The recent turbulence suggests that financial markets can be adversely affected by the financial institutions' reactions to market pressures, stress, and turbulence, particularly when they hold highly leveraged positions. A number of important financial institutions active in the international arena made mistakes. In many cases, management command and control systems should be reassessed. Greater disclosure of the activities of financial institutions can enhance the ability of the public and private sectors to assess financial risks and their causes. Likewise, private risk-management systems could also benefit from greater disclosure and should be reassessed to take account of recent experience.
Many features of the international financial system—including the integrated and complex nature of financial position taking, institutions, and markets—were reflected in the market turbulence. In particular, strains affecting the linkages of financial positions across national and international markets revealed problems in the way the international financial system can perform in the face of financial turbulence.
The role of banking supervisors and those responsible for market surveillance in warning about the accumulation of increasing levels of risk and leverage in the mature markets is also an issue of concern. It was argued in light of the Asian crisis that no one could see through the opaque Asian financial structures and markets. Yet the markets and institutions that experienced the turbulence are the most open and transparent in the world. Why then were potential dangers not more accurately perceived at an earlier stage?
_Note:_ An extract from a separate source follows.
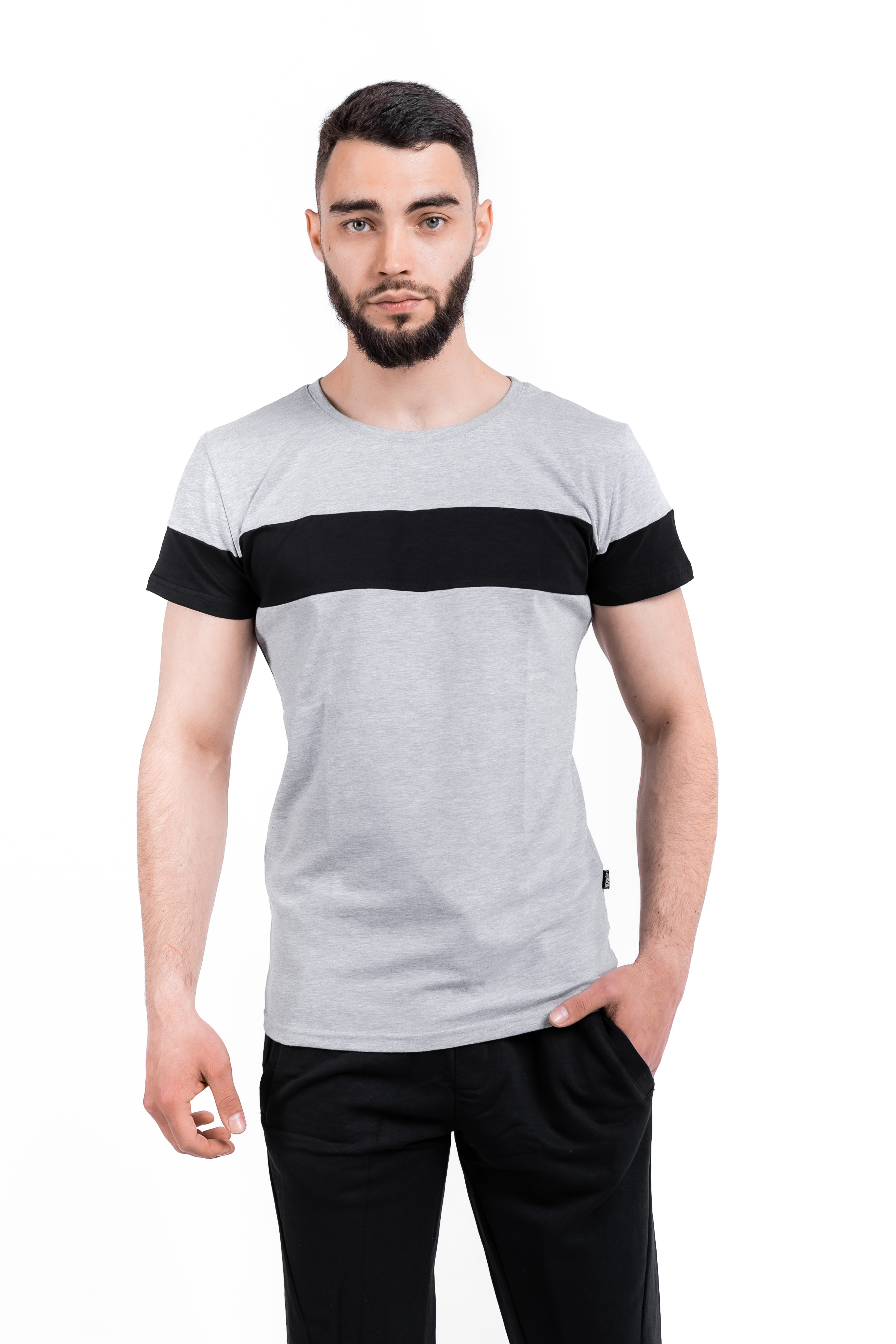 Футболка Intruder Color Stripe XL Світло-сіра з чорним (1589370633/ XL)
The experience of the recent turbulence suggests that neither private market participants nor the institutions in charge of prudential supervision and market surveillance have a full understanding of the ever-changing structure and dynamics of the international financial markets. This is not, of course, an entirely new problem, nor can there be a complete and final solution. But the difficulties revealed by recent financial market turbulence testify to the urgency of continuing efforts to improve the performance and enhance the stability of the international financial system.
This article draws upon material contained in Chapter 3 of International Monetary Fund, 1999, World Economic Outlook and International Capital Markets, Interim Assessment (Washington).